Bien que cette recherche nous donne un premier aperçu, ce n’est que la première étape dans la compréhension des interrelations importantes mais complexes entre les objectifs du mouvement Open GLAM et l’éloge du domaine public d’une part, et l’obligation éthique, et parfois juridique de respecter le patrimoine culturel autochtone, d’autre part. L’examen des politiques institutionnelles explore un aspect étroit d’un débat beaucoup plus large. Il reste encore du travail à faire et CC continuera d’explorer des moyens d’attirer l’attention sur ce problème. En attendant, nous restons convaincus qu’en ce qui concerne le patrimoine culturel Autochtone, les GLAMs devraient reconnaître que les restrictions d’accès et de réutilisation peuvent être justifiées dans certaines situations. Avec des efforts continus, nous espérons mieux informer le mouvement Open GLAMs des bonnes pratiques lors de la numérisation et de la mise à disposition de contenu en ligne, ce qui représente plus que le statut de «domaine public» du patrimoine culturel Autochtone.

Pour aller de l’avant, chez Creative Commons, nous avons l’intention d’explorer des voies pour trouver des moyens de résoudre cette tension dans l’espace GLAM et au-delà. Idéalement, nous aimerions mener des recherches supplémentaires pour développer des choix éclairées de politiques, tenir des débats ouverts et des consultations avec les parties prenantes concernées, sur ces questions importantes sur la base des principes de collaboration, d’inclusion et de transparence, et continuer à clarifier le fonctionnement des licences et des outils CC développer des moyens de mieux refléter et rendre compte des droits et intérêts des peuples Autochtones dans leur patrimoine culturel.

Notes

1. Certains pays ont mis en place des systèmes de protection sui generis (sur mesure) conçus spécifiquement pour protéger les expressions culturelles traditionnelles contre l’appropriation illicite et l’utilisation abusive. Pour plus d’informations, voir «Compilation d’informations sur les régimes nationaux et régionaux Sui Generis pour la protection de la propriété intellectuelle des savoirs traditionnels et des expressions culturelles traditionnelles». Cependant, un tel régime n’existe pas au niveau international. Le Comité intergouvernemental de l’Organisation mondiale de la propriété intellectuelle est l’instance où se déroulent des négociations en vue de l’élaboration d’un instrument juridique international sui generis pour la protection des expressions culturelles traditionnelles.

2. Dans le cas des musées, le Code de déontologie du Conseil international des musées (ICOM) fournit une base pour reconnaître les intérêts culturels Autochtones en tant que considération éthique.

3. Par souci de compatibilité, nous avons modélisé notre approche sur l’enquête Open GLAM.

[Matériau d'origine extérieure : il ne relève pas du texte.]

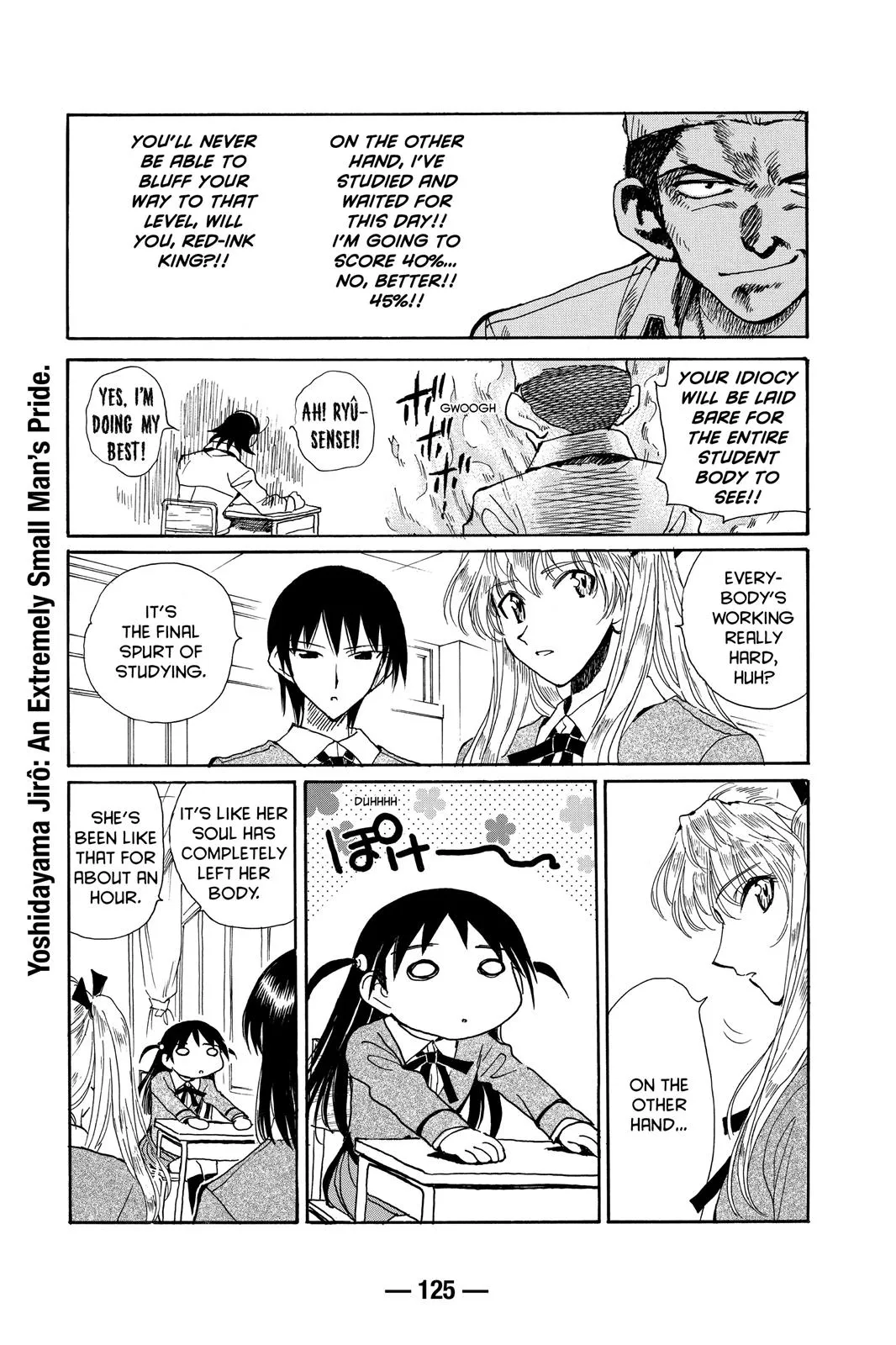Read School Rumble Manga Online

4. Notez que l’échantillon de politiques examinées était relativement petit à côté du grand nombre de GLAMs. En tant que tels, les résultats ne sont pas exhaustifs et ne sont pas nécessairement représentatifs des pratiques GLAM plus largement.

Cette publication a été co-écrite par Brigitte Vézina, responsable de la politique d’ouverture chez Creative Commons et Alexis Muscat stagiaire au département Juridique et Politique et initialement publié sur le site Creative Commons. Cet article a été traduit par Marie Rivallin et est sous licence CC BY 4.0 International. Il a été traduit lors du “Translation Sprint” au Sommet Mondial Creative Commons.